Compliance Demo¶
This demo shows a realistic compliance-review agent trace moving through Lerim's
compiler so the next compliance review of a data-export feature starts with the
policy boundary, the rejected interpretation, and the approval gate instead of
re-litigating whether a proprietary format meets GDPR Article 20. The trace and
the extracted records below are real: the output was captured by importing the
checked-in example through Lerim's compliance profile.
1. The completed run¶
A compliance agent reviewed whether a new customer data-export feature met GDPR Article 20 data portability requirements before launch. The feature exported to a proprietary encrypted blob. The valuable signal is not the review itself; it is the rejected interpretation (with reasoning), the standing approval gate, and the durable policy boundary with its regulatory citation.
The trace lives at docs/examples/traces/compliance-review-run.jsonl.
2. Import it¶
lerim trace import docs/examples/traces/compliance-review-run.jsonl \
--source-name compliance-agent \
--source-profile compliance \
--scope-type domain \
--scope compliance
3. What Lerim kept¶
Four records were extracted: two durable constraints (a policy boundary with a regulatory citation, and a standing approval gate), one citation fact, and one archived episode for the review.
Constraints (active — these govern future export-feature work):
- GDPR Article 20 portability requires open formats — A proprietary encrypted blob fails the "commonly used and machine-readable" requirement per EDPB Guidelines on data portability. This interpretation applies to all future export-feature reviews.

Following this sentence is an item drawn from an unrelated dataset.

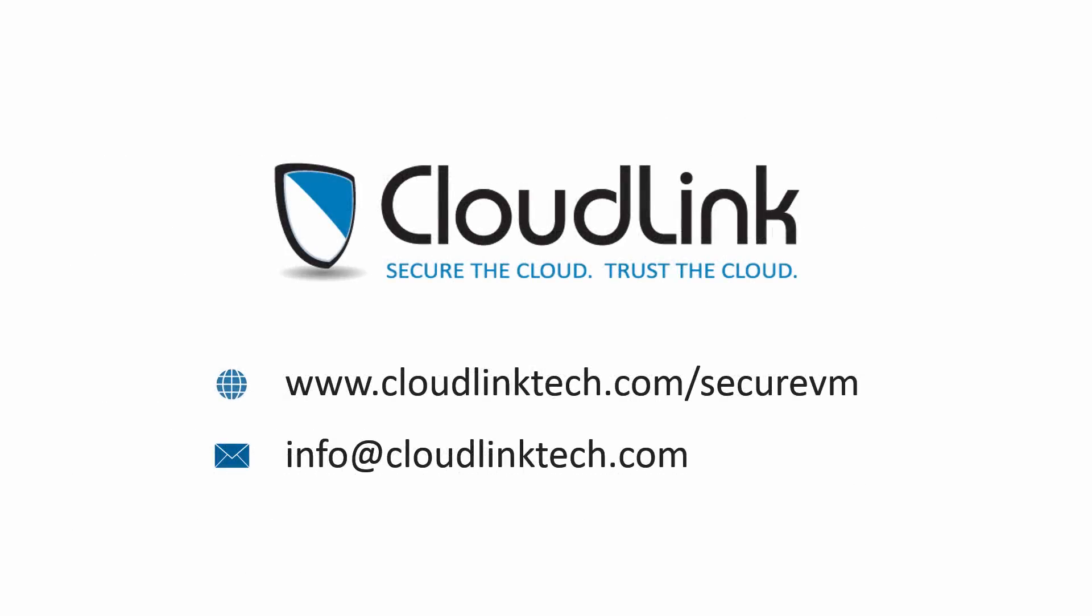For more information on CloudLink Secure VM, visit our website at www.cloudlinktech.com/securevm or send an email to info@cloudlinktech.com.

- Standing approval gate for data-export format changes — This is not a product-team-only decision. Proprietary-blob exports must be blocked from launch until reworked to an open format and re-reviewed.
Fact (active):
- GDPR Article 20 regulation citation — GDPR Article 20(1); EDPB Guidelines on the right to data portability. Effective jurisdiction: EU/EEA; version current as of May 2026.
Episode (archived — history, not standing context):
- The GDPR Article 20 data portability compliance review of the specific feature.
Inspect them yourself:
4. What the next agent now knows¶
Before this trace was compiled, the next compliance review of a data-export feature would have to re-research whether a proprietary format satisfies Article 20 and re-decide who needs to sign off. After compilation, the rejected interpretation (with its reasoning), the approval gate, and the regulatory citation are available before work begins — so a product team cannot ship a proprietary-only export format by treating it as a product-only decision.
5. The improvement loop¶
The policy boundaries and rejected interpretations above are exactly the kind of approved, cited, compliance-specific data for a smaller, private compliance-review model. The open core captures and cites; model specialization (distillation, RL, prompt and harness tuning) is the private Lerim layer, built on top of this open foundation.
Notes¶
- Replace the checked-in example with your own cleaned compliance-agent source session for real evaluation.
- Do not put private regulated data under public docs. Use customer-owned storage for raw traces and commit only small sanitized examples when a public example is useful.
- If the trace contains regulated personal data, run a cleaner or the defense-in-depth redaction helper before import.